Angst? Nein. Die hilft dir nicht, das wird dich nur lähmen. Mach dir bewusst, dass Männer, die Frauen missbrauchen, verfolgen, stalken oder belästigen, meistens ganz arme Würstchen sind. Mit einem sehr kleinen Penis. Die können nichts mit Frauen, die ihnen die Stirn bieten, anfangen. Du hast keine Angst, du kennst so etwas gar nicht. Du bist stolz. Aber du bist wachsam und vorsichtig. Du kannst die Situation einschätzen und gibst dich seiner körperlichen Überlegenheit nicht hin, lässt dich nicht von den Beleidigungen einschüchtern. Du wählst die Nummer eines deiner Freunde / Familienmitglieds oder der Polizei und bist auf alles vorbereitet.
Weil du die Situation einschätzen kannst, kannst du auch einschätzen, ob es möglich ist mit dem Mann in einer üblichen Tonlage zu sprechen. Das erwartet er nicht, er findet es SO absurd, weil er nur mit Angst und Flucht rechnet. Damit könnte er umgehen, das bestätigt ihn in seiner ersehnten Macht.
Eine kurze von mir erlebte Geschichte: Ich war mit meiner Freundin unterwegs, als uns ein Mann aufgefallen ist, der ständig dort auftauchte, wo wir waren. Am Bahnhof, im Café, am Wasser… Wir wunderten uns und meine Freundin fühlte sich dabei unwohl, war total unentspannt, hatte angst mit der Bahn zu fahren. „Kann ich dir iiiiiiiiiiiirgendwie helfen?!“, rief ich zu ihm rüber. Er starrte mich erschrocken an. „Wenn nicht, wäre es großartig, wenn du uns nicht mehr verfolgst. Ehrlich. Das nervt!“ Er stammelte etwas von „Äh… ich… warte hier nur… äh…“ – „Dann warte gefälligst woanders, du Honk!“, rief ich wütend. Und weg war er. Ja, es war vielleicht etwas zu unvorsichtig, ich habe mich selbst dabei überschätzt. Es muss nicht immer so enden. Aber es kann.

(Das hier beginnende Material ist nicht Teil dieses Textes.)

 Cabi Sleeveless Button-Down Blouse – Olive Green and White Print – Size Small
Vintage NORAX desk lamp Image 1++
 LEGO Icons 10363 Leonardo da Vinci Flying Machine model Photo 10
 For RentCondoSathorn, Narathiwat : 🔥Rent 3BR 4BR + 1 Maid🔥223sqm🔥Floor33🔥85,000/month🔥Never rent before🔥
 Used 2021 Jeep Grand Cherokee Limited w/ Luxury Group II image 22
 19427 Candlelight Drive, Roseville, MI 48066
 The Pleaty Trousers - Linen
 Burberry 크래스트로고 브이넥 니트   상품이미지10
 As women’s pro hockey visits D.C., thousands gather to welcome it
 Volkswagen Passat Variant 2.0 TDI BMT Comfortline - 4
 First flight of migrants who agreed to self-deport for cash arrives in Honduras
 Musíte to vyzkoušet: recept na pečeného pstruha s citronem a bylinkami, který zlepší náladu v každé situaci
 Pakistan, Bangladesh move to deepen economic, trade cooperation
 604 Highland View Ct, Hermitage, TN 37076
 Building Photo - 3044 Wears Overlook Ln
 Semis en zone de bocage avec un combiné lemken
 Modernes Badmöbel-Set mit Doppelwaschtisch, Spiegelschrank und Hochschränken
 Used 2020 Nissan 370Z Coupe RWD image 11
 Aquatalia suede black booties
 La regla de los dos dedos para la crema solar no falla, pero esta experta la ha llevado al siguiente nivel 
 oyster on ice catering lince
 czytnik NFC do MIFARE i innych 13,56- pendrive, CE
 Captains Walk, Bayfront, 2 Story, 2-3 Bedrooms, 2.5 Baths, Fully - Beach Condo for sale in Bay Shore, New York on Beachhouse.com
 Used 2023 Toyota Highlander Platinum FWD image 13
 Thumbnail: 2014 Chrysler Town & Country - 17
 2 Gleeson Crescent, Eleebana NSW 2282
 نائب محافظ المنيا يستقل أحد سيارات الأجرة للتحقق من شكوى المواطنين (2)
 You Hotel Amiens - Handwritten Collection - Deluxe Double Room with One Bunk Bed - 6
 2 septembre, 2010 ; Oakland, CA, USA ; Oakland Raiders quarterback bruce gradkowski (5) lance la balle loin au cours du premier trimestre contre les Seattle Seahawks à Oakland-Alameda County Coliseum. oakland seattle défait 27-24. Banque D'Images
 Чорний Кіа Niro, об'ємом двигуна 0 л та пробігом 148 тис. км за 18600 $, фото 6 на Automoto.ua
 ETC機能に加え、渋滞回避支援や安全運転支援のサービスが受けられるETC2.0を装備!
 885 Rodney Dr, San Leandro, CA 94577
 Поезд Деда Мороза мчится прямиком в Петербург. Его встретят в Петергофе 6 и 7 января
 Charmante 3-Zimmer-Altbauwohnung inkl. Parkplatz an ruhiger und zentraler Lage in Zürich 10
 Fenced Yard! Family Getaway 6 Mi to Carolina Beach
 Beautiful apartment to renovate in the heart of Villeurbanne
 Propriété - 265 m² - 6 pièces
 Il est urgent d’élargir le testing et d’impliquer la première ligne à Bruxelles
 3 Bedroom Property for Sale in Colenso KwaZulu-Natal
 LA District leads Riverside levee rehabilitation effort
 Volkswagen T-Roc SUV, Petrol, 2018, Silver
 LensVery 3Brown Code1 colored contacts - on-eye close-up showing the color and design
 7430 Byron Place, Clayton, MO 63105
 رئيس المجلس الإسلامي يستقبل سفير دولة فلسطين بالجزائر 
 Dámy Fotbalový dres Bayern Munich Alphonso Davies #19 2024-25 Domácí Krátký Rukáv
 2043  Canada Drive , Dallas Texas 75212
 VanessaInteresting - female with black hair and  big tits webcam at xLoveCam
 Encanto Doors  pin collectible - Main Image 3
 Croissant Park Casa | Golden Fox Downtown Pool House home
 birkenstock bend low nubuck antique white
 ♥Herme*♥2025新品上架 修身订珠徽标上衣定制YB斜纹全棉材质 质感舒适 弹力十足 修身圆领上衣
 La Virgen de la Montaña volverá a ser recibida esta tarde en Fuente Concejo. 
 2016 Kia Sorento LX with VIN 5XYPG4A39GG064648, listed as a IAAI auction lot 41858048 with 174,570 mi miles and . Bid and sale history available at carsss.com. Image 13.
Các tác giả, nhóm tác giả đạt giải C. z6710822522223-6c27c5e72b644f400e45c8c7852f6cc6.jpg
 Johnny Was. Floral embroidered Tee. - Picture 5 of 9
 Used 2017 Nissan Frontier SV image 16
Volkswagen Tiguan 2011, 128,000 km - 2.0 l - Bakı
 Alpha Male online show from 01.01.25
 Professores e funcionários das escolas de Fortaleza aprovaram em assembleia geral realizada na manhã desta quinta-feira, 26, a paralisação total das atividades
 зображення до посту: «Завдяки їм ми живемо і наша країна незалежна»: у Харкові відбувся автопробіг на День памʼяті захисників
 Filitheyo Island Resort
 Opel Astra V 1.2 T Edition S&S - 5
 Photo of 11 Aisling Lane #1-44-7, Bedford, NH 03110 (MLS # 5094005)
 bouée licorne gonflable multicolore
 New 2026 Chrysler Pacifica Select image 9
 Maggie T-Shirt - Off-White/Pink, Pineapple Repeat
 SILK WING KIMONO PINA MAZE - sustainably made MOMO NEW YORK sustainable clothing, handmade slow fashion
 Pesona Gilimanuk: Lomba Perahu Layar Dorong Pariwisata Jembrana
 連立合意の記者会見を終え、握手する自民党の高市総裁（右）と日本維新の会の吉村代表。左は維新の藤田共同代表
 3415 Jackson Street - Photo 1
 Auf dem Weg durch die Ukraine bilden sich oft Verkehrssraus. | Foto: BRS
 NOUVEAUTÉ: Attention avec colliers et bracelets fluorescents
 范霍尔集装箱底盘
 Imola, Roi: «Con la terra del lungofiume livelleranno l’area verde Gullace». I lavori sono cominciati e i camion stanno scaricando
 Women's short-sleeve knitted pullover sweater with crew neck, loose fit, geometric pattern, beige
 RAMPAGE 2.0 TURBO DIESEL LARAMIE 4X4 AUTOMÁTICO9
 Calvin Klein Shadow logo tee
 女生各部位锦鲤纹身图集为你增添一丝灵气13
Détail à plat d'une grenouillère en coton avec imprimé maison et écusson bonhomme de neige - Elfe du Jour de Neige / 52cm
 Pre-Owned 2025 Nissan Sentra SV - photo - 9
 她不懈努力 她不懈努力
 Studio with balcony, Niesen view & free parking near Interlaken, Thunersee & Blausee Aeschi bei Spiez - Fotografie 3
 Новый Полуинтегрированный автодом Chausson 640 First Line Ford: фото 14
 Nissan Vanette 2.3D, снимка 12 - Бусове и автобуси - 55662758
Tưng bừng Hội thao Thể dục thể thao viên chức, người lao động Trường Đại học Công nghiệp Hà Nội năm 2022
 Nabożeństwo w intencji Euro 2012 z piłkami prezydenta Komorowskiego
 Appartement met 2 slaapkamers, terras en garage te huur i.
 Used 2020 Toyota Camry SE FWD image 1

Männer können selten damit umgehen, ausgelacht zu werden. Angst und Unsicherheit motiviert sie weiterzumachen, die Macht auszuüben und zu zelebrieren. Verachtung killt das Selbstbewusstsein. Und was deine Beine (oder Arme) nicht können, können deine Blicke und deine Mimik.
Belächeln und verachten. Das ist genauso wichtig, wie Liebe und Freundlichkeit. Es hilft dir, weiterzukommen oder dich zu wehren.
Ganz egal ob in Turnschuhen, Ballerinas oder High Heels.
Egal ob im Rollstuhl oder ohne. Du bist die Queen, du darfst dich kleiden wie du willst.
Trotzdem: Bitte nimm deine Erlebnisse ernst. Wisch es nicht mit einer unsicheren Handbewegung aus deinem Kopf, aus deinem Herzen. Immer dann, wenn das Gefühl Alarm schlägt, immer dann wenn der Körper sich verkrampft, stimmt etwas nicht. Sprecht darüber.
Hier ist eine gute Adresse, falls du es lieber anonym bzw. professionell haben willst:
SUSE, eine Beratungsstelle für Mädchen und Frauen mit Behinderung.
BFF, ein Verein für Frauen, die von Gewalt jeglicher Form betroffen sind.